Source data –
[Start of section]
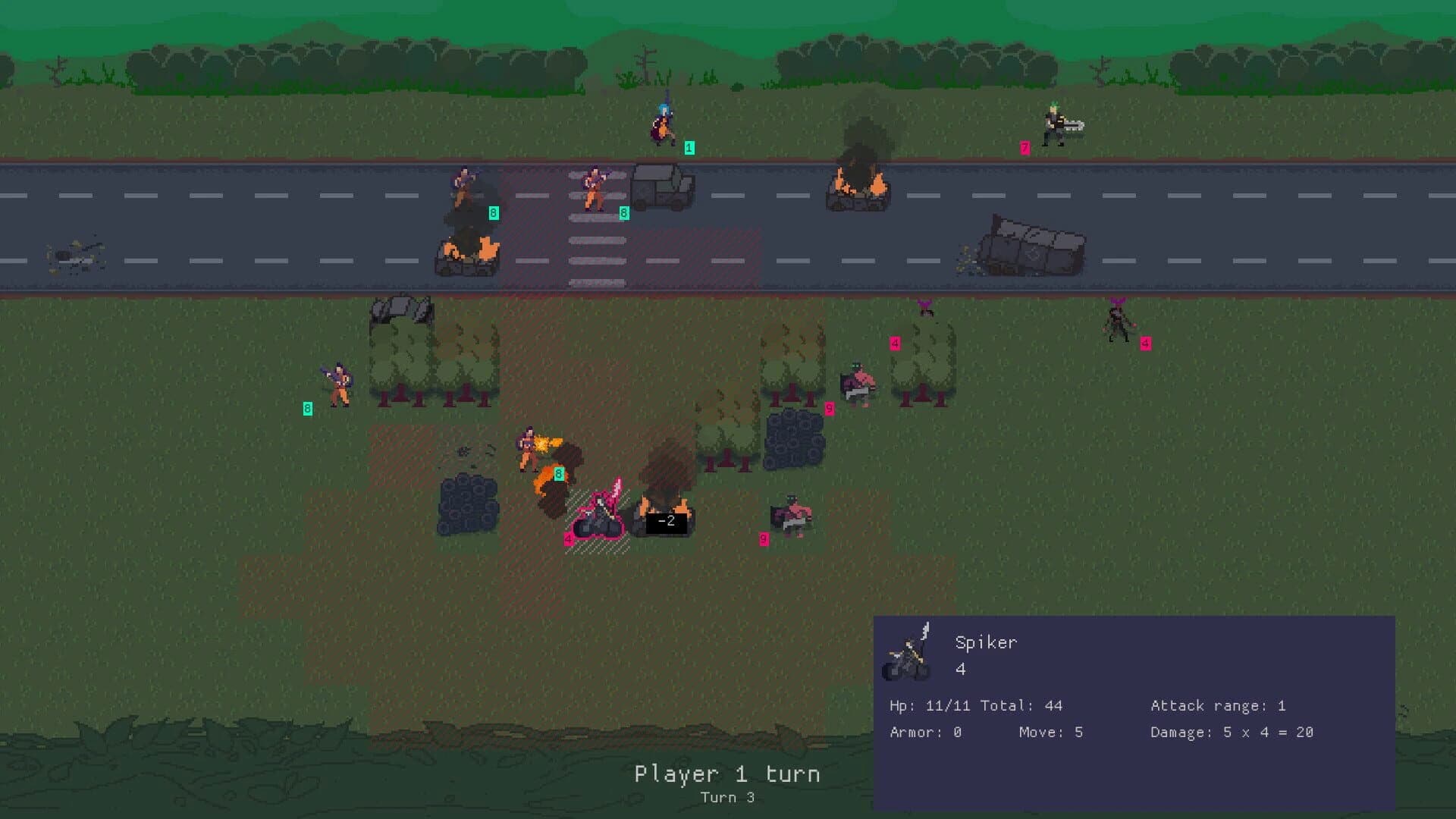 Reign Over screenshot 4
[End of section]
[Start of section]
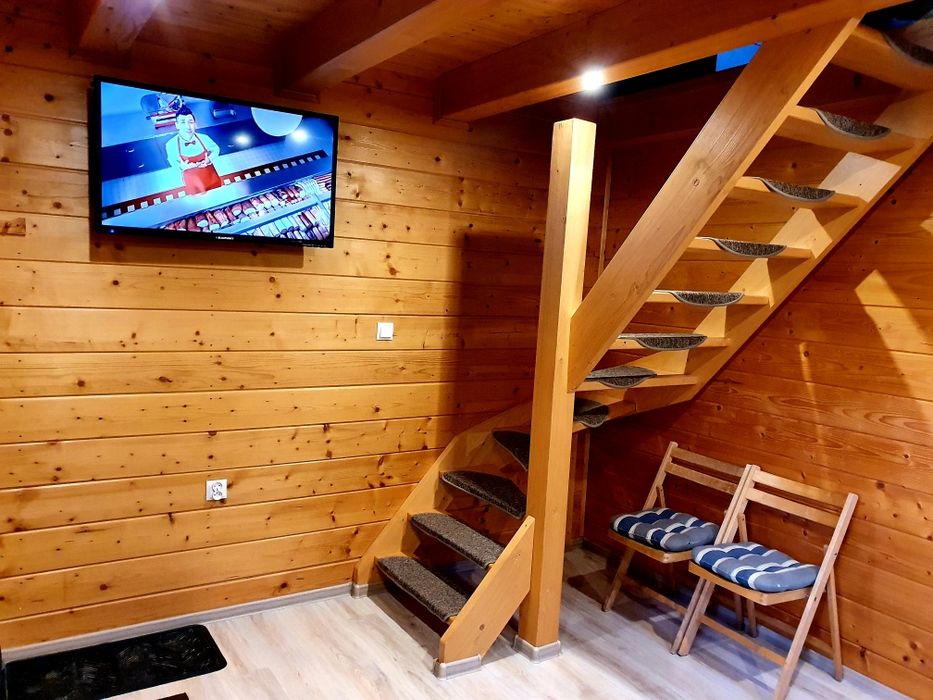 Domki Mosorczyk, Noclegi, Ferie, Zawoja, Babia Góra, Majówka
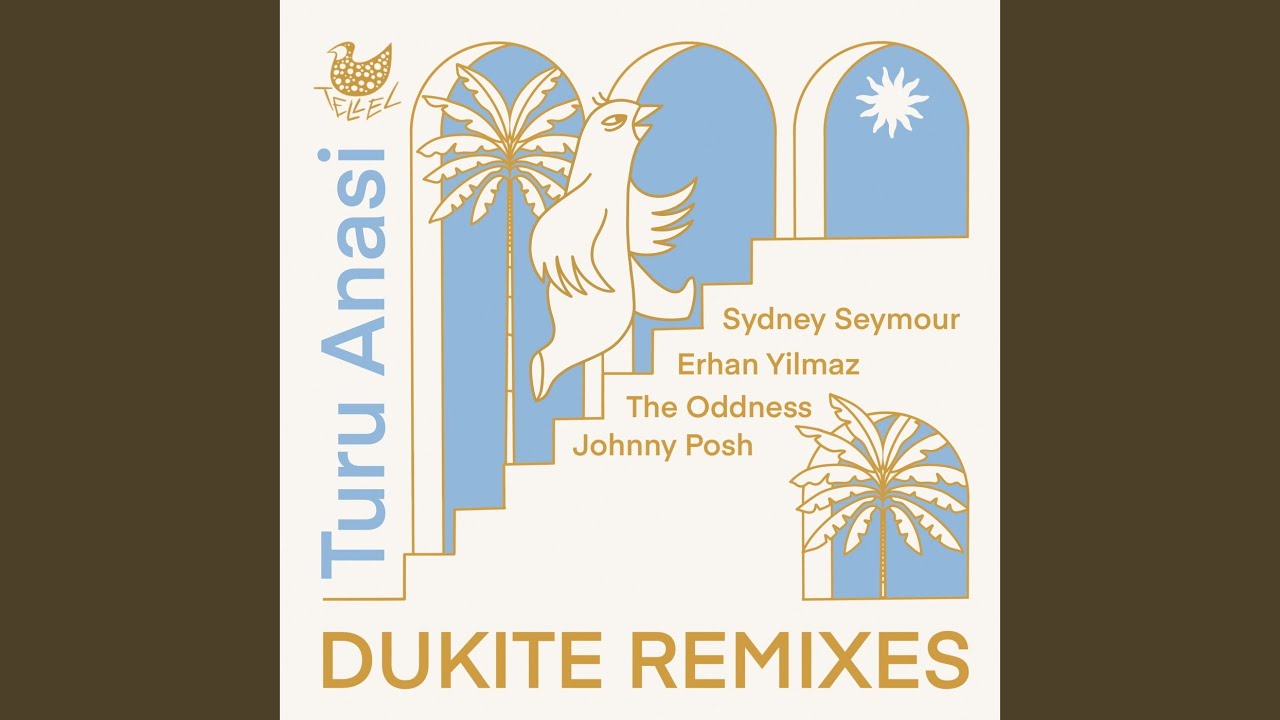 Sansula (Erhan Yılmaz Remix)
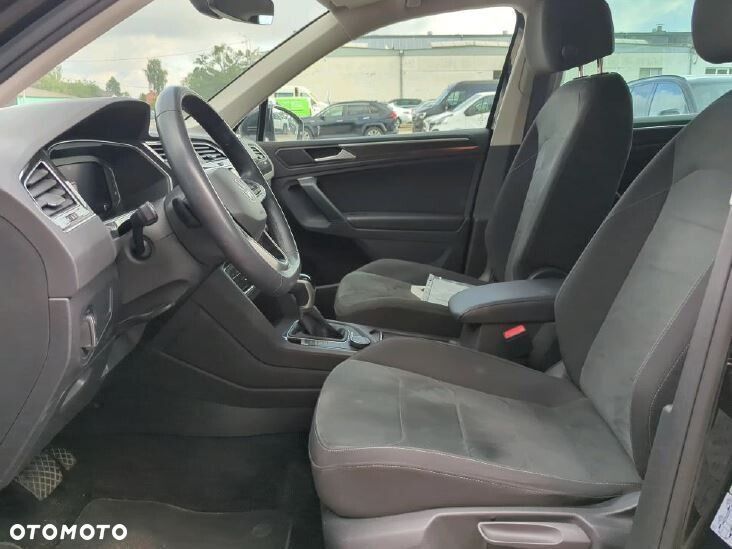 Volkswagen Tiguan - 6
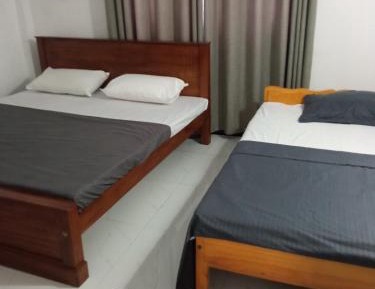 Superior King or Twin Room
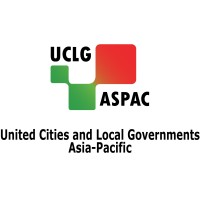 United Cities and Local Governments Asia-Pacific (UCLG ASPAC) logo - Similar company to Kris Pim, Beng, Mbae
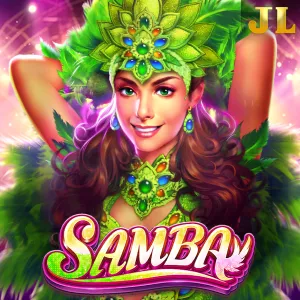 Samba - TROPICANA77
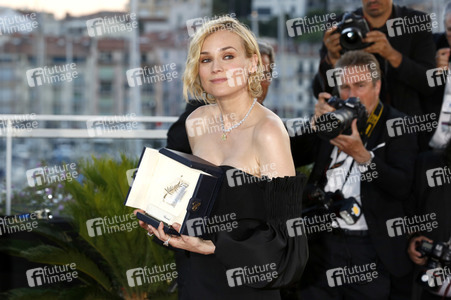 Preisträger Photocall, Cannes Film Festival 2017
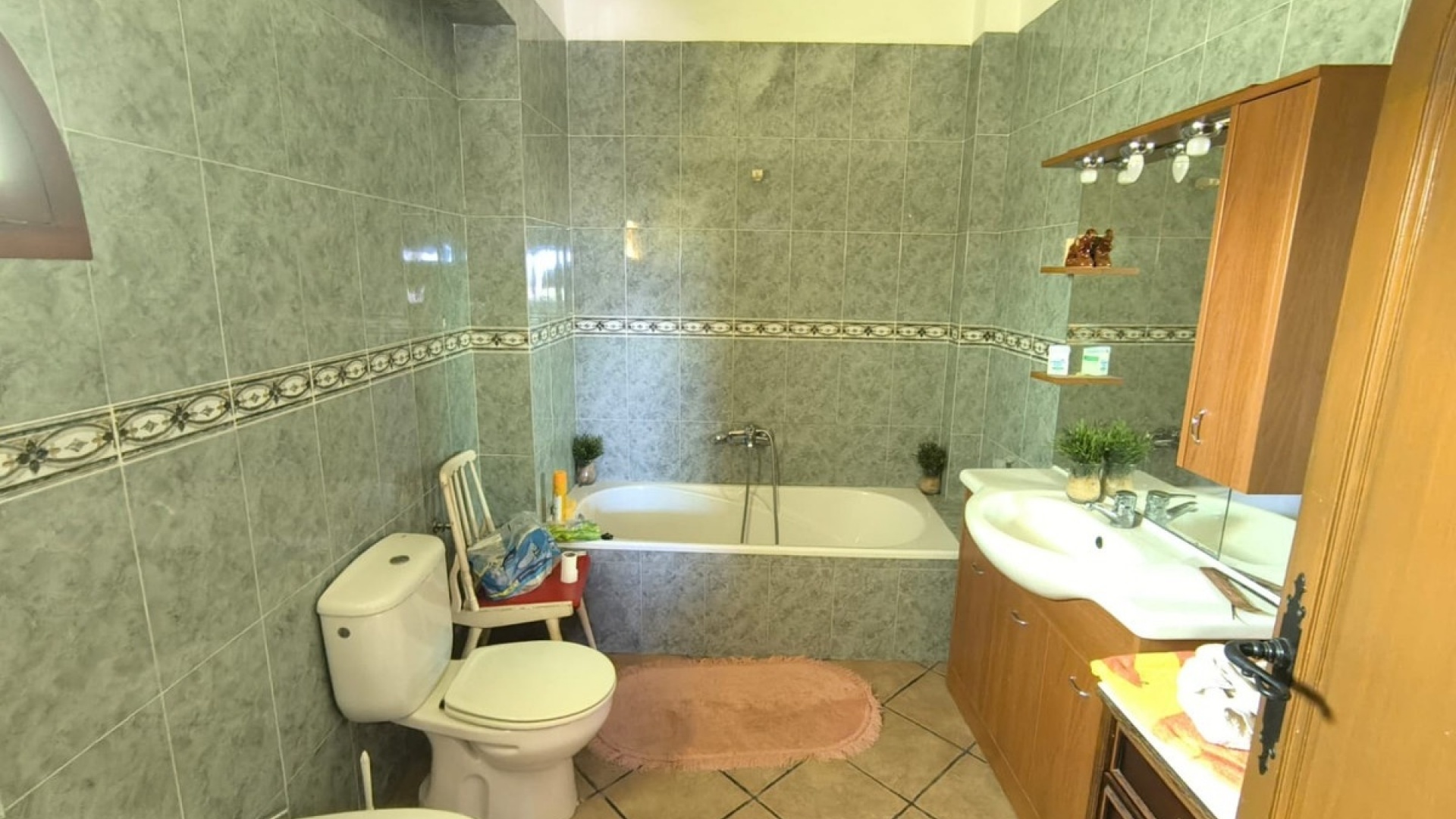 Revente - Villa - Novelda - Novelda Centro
[End of section]
The task –
Copy nothing but the lines above that run from the one with "Domki Mosorczyk, Noclegi, Ferie, Zawoja, Babia" to the one with "Revente - Villa - Novelda - Novelda Centro", ends included; pictures stay out.

Exercise output –
 Domki Mosorczyk, Noclegi, Ferie, Zawoja, Babia Góra, Majówka
 Sansula (Erhan Yılmaz Remix)
 Volkswagen Tiguan - 6
 Superior King or Twin Room
 United Cities and Local Governments Asia-Pacific (UCLG ASPAC) logo - Similar company to Kris Pim, Beng, Mbae
 Samba - TROPICANA77
 Preisträger Photocall, Cannes Film Festival 2017
 Revente - Villa - Novelda - Novelda Centro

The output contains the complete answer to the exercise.